The statement qualified as an insult, even if it went mostly unnoticed and happened almost a year ago.
During an appearance on KJR 950 radio’s Softy Mahler show, days after Washington’s 45-10 win in last year’s Apple Cup, Washington defensive backs coach Jimmy Lake took a dig at Washington State’s Air Raid offense.
Receivers were “tip-toeing across the field,” Lake said. “The system wasn’t going to change. What I did see were some nervous receivers going across the middle, some nervous receivers going downfield. I did see that, after they got hit a few times.”
Granted, it was far from a vicious verbal jab. And it came after WSU coach Mike Leach said post-game the Cougars “beat teams that were considerably better than Washington” earlier in the year.
Since no players from No. 6 UW and No. 23 WSU were available to the media before Friday’s Apple Cup in Pullman (12:30 p.m., FOX), which will decide the Pac-12 North champion, Lake’s year-old comment must serve as this year’s trash talk.
Following Tuesday’s practice, a reporter asked Leach about Lake’s shot.
“I don’t care what he thinks,” Leach snarled.
Leach had reason to be testy. The Huskies (10-1, 7-1 Pac-12) outscored the Cougars 76-23 the past two Apple Cups.

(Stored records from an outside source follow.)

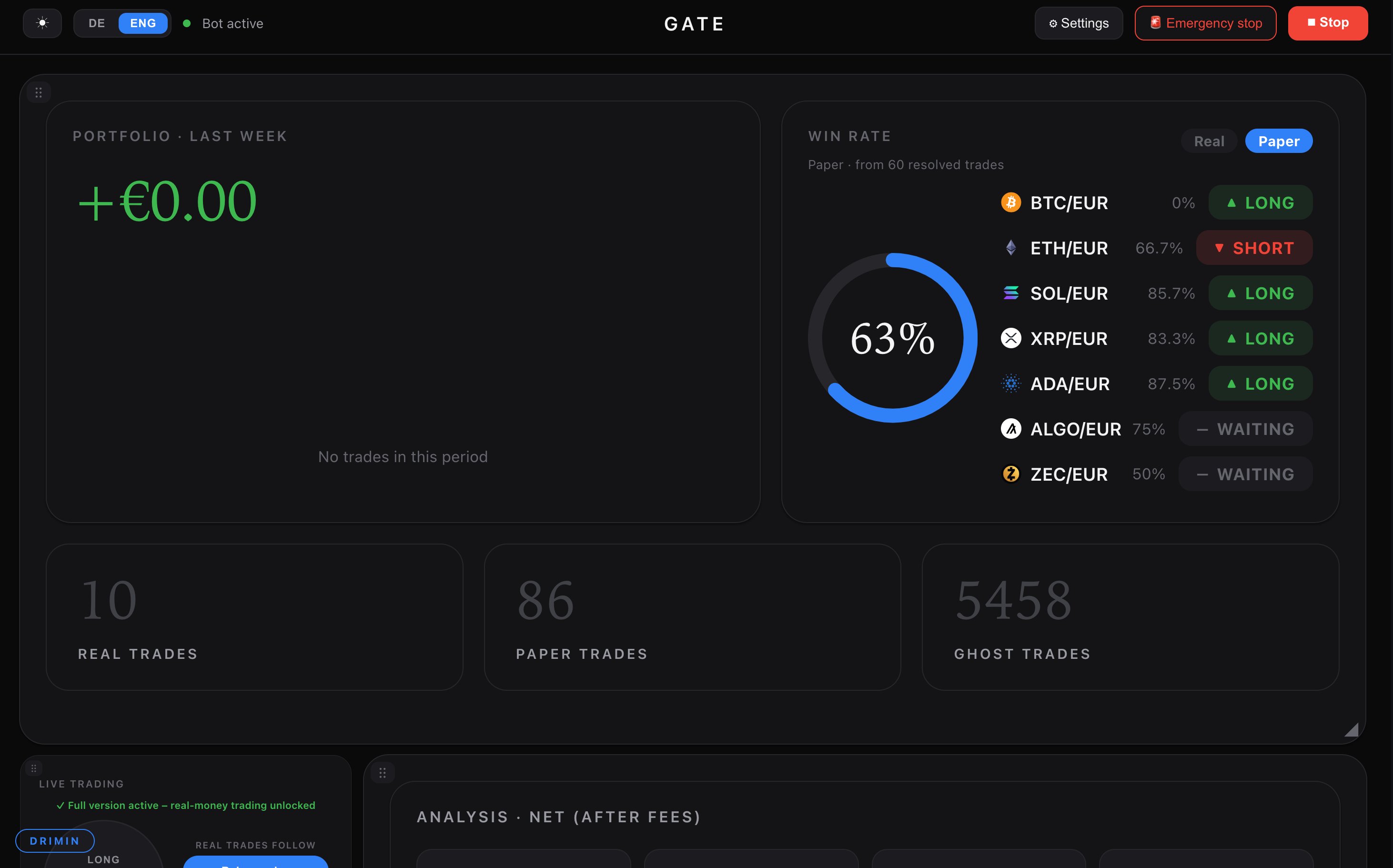GATE Dashboard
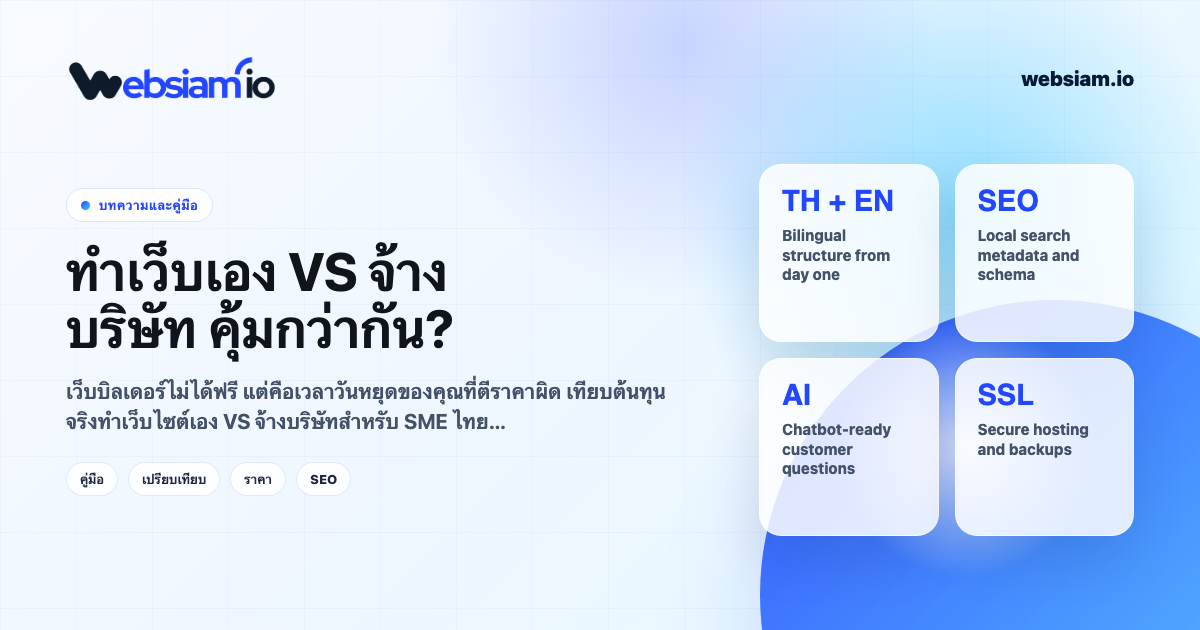 ทำเว็บไซต์เอง VS จ้างบริษัท แบบไหนคุ้มกว่า? คิดเลขกันแบบตรงไปตรงมา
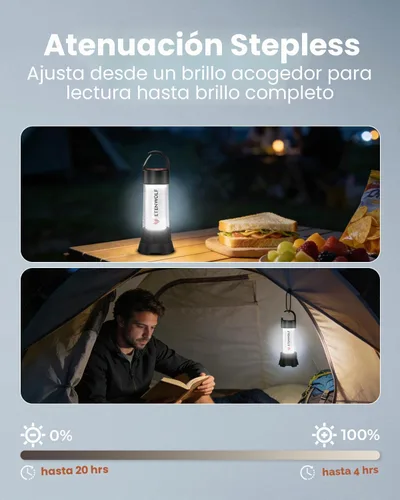 Vista 7 de ETENWOLF Linterna de campamento ultra brillante, mini linterna LED de 1000 lúmenes, linterna recargable de 5000 mAh con 6 modos, luz portátil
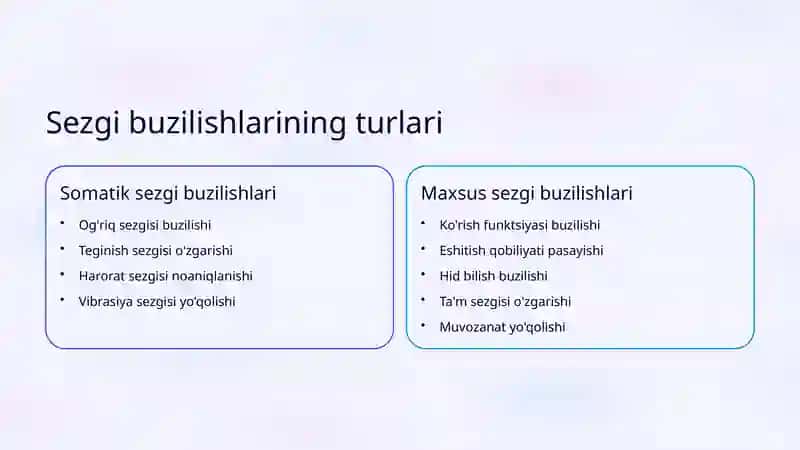 Sezgi buzilishlari propedevtikasi 4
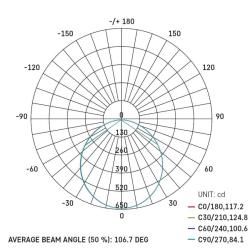 Emos NEXXO, okrúhle, biele, 21W, CCT
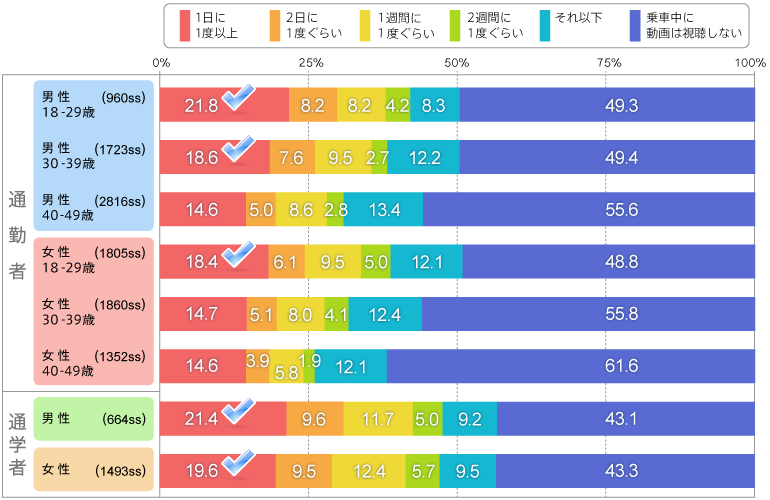 となりは何を見る人ぞ？ 通勤中の動画視聴実態調査。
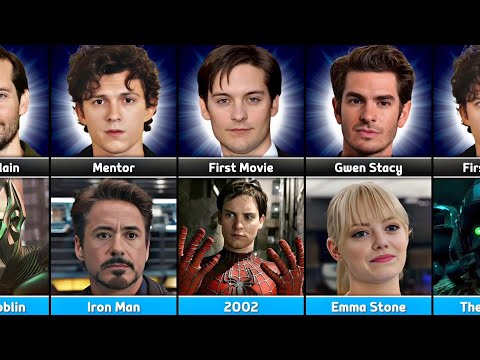 Comparison: Spiderman 1 Vs Spiderman 2 Vs Spiderman 3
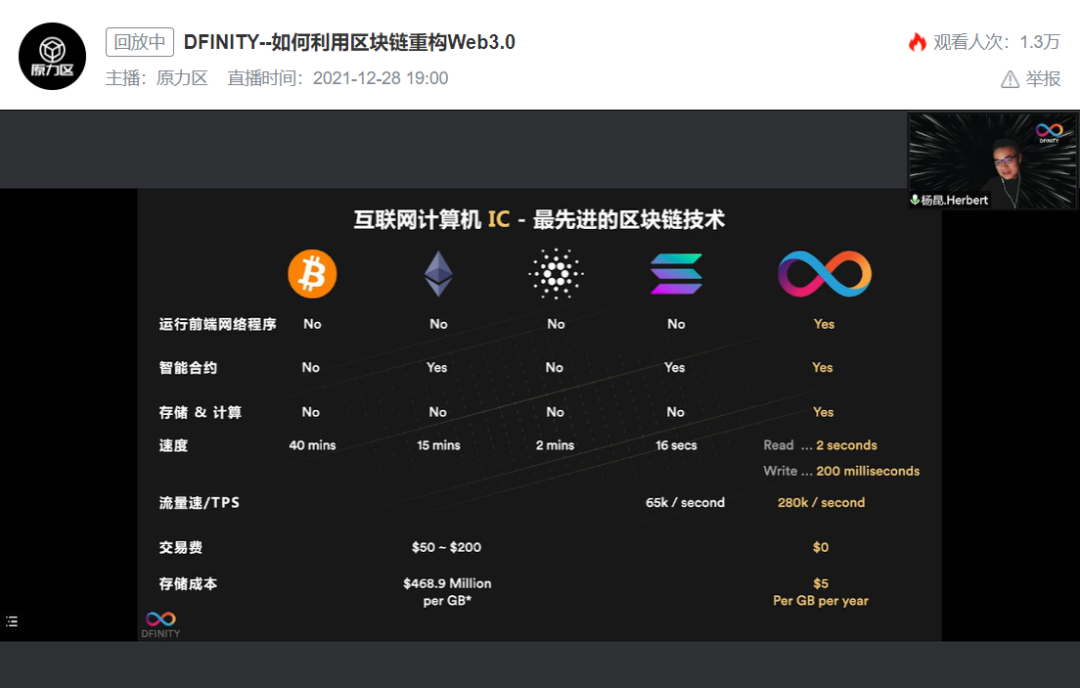 新国?盛证券来了！“国盛金控”完成更名，高管团队已就位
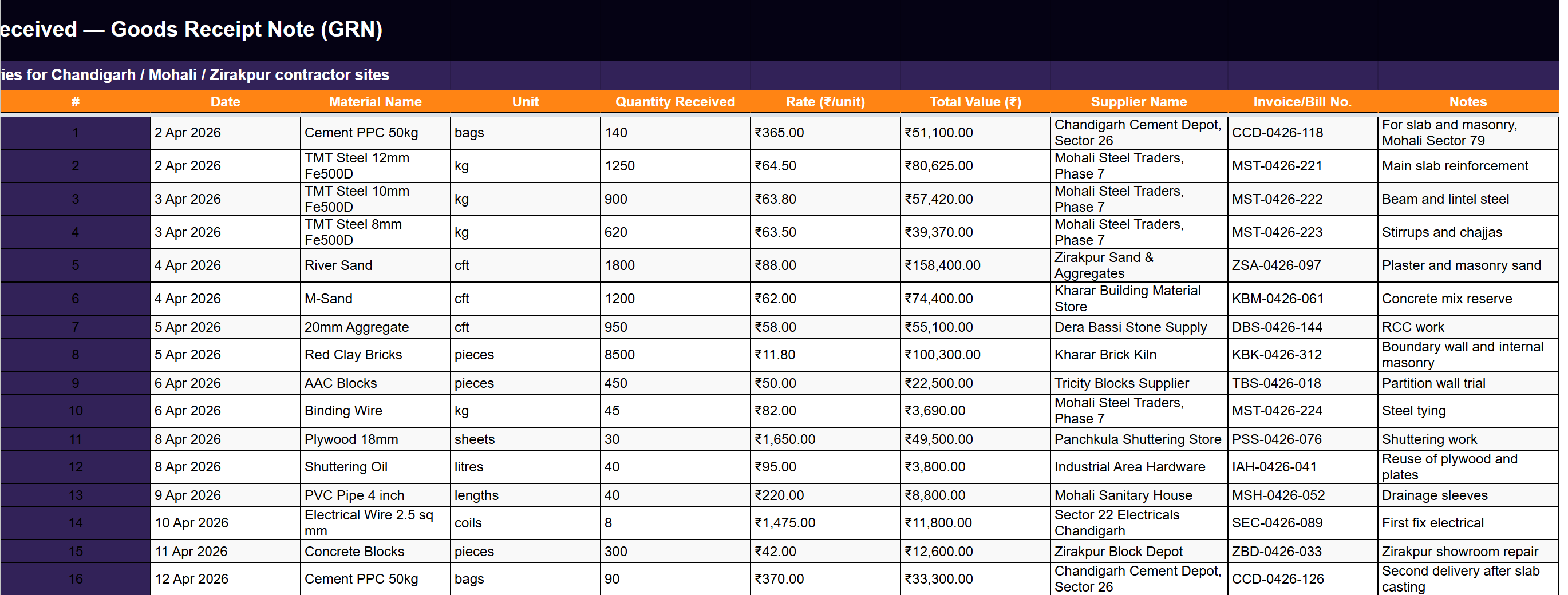 Material Received (GRN) log — date, material, quantity, rate, total value and supplier
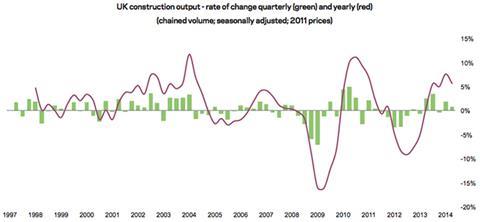 UK Construction output - rate of change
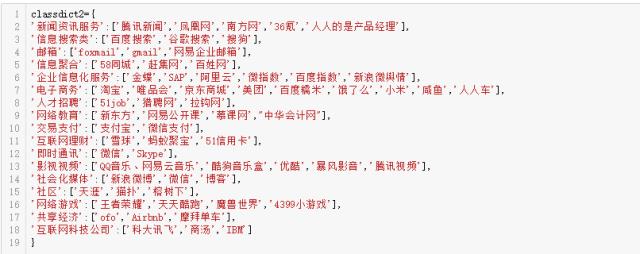 以虎嗅网4W+文章的文本挖掘为例，展现数据分析的一整套流程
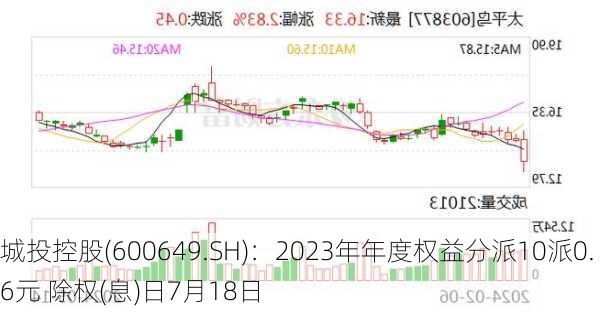 城投控股(600649.SH)：2023年年度权益分派10派0.6元 除权(息)日7月18日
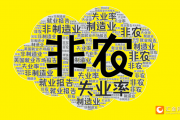 2025年首个非农超预期!美指跳涨90点!黄金跳水15美元逼近2660 2025年首个非农超预期!美指跳涨90点!黄金跳水15美元逼近2660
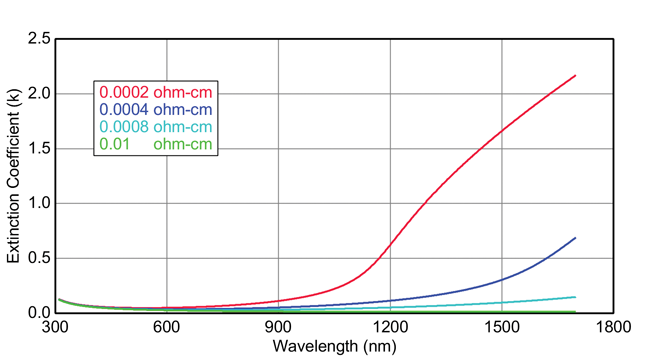 ITO conductivity from ellipsometry measurement ohm cm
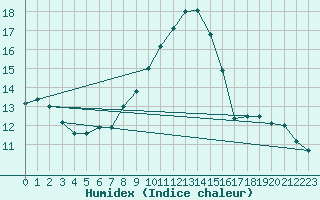 Courbe de l'humidex pour Calvi (2B)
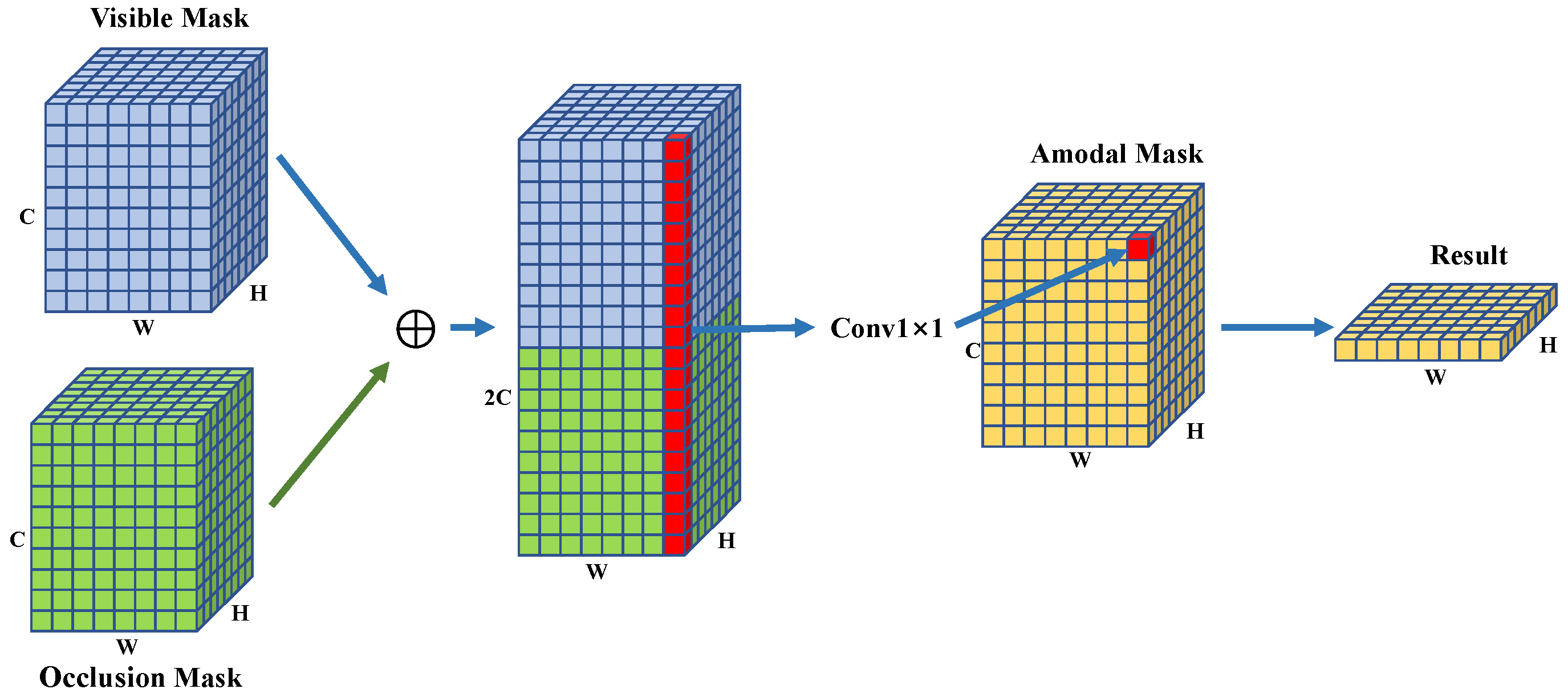 Applsci 12 04061 g003 550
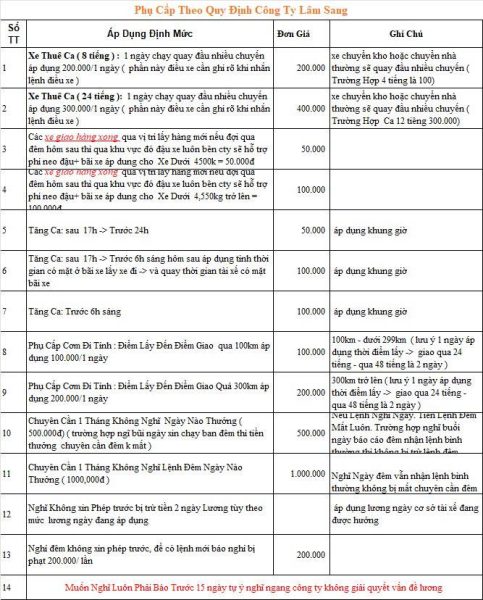 Bảng Tính Lương Tài Xế Lâm Sang Năm 2026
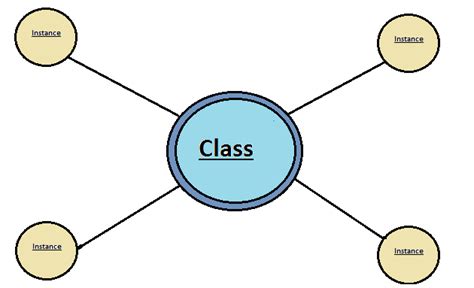 A programming technique that features objects, classes, encapsulation, interfaces, polymorphism, and inheritance. Java Coder Point: Object-Oriented Programming in Java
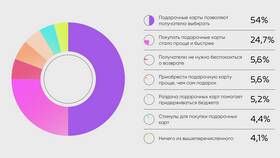 Как использовать подарочную карту Рив Гош в Рени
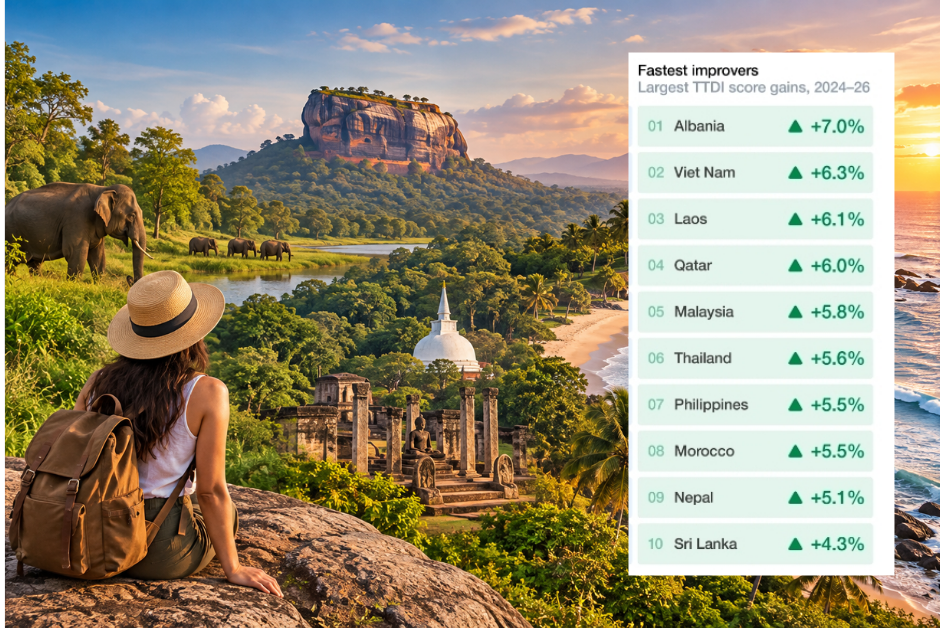 Sri Lanka Named Among World’s 10 Fastest-Improving Tourism Economies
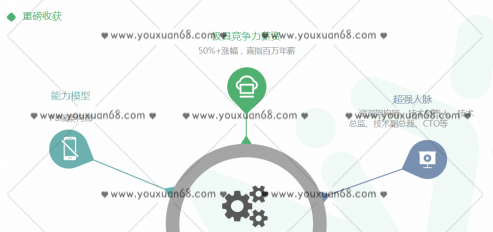 奈学教育百万架构师2期 2021年,课程,设计,资料,第1张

He’s 1-3 against the Huskies at WSU, his only win coming in 2012 when the Cougars rallied from an 18-point fourth-quarter deficit and won in overtime against the Huskies coached by Steve Sarkisian.
Last year, Falk missed the annual cross-state rivalry game with a concussion. Backup QB Peyton Bender (no longer with the program) was annihilated in his first career start. The Cougars turned the ball over seven times. UW’s defense scored three touchdowns.
In 2014, Falk, then a backup, played poorly in place of an injured Connor Halliday, out with a broken leg, in the Huskies’ 31-14 win in Pullman.
Lake wasn’t impressed with the offense.
“They try to make it basketball on grass, kind of throwing the ball around like it’s 7-on-7. And that’s not what football is,” he told Mahler. “Football is hard-nosed, tough-nosed . . . You got to expect to get hit. You’re going to get hit. If you throw the ball that many times a game, you’re going to get hit . . . I’m sure on Saturday morning they felt who was the more physical team.”
Lake backed away from his comments in an interview this week, referring to Leach’s scheme as “genius.”
“There’s no mistaking that this is an excellent offense,” Lake said, according to The (Tacoma) News Tribune. “It’s very, very challenging, they put a lot of pressure on people, and it’ll be a challenge for us.”
Leach and Petersen had only nice things to say about each other during their Monday press conferences.
“Like a lot of us, I grew up with my parents saying ‘Why can’t you be more like a guy like Chris Petersen?’” Leach said.
“Usually everything he says, I’m laughing at,” Petersen said.
No need to stoke emotions for the most meaningful Apple Cup since 1981, when a Rose Bowl berth was at stake for both teams. UW beat WSU 23-10 in Seattle. The Cougars went on to lose the Holiday Bowl to BYU, while the Huskies trounced a favored Iowa team in the Rose Bowl.
It took 35 years return to a scenario where so much is on the line for both schools. The Huskies can likely earn a spot in the College Football Playoff with a win Friday and in the Pac-12 title game.
The Cougars would earn a trip to the Rose Bowl with two more wins.
Leach went full Petersen mode when asked about the rivalry, downplaying the notion that “everybody hates everybody.”
“If there is, then we’ve been cheating ourselves up to this point,” Leach said. “If everybody’s doing their best, you should (play) your best as often as possible. It’s not going to be perfect. Everybody’s going to get slightly distracted . . . There shouldn’t be anything held back. It’s not like there’s some warehouse where you break it out on occasion. It should be every time, otherwise you diminish your ability to develop skills over time.”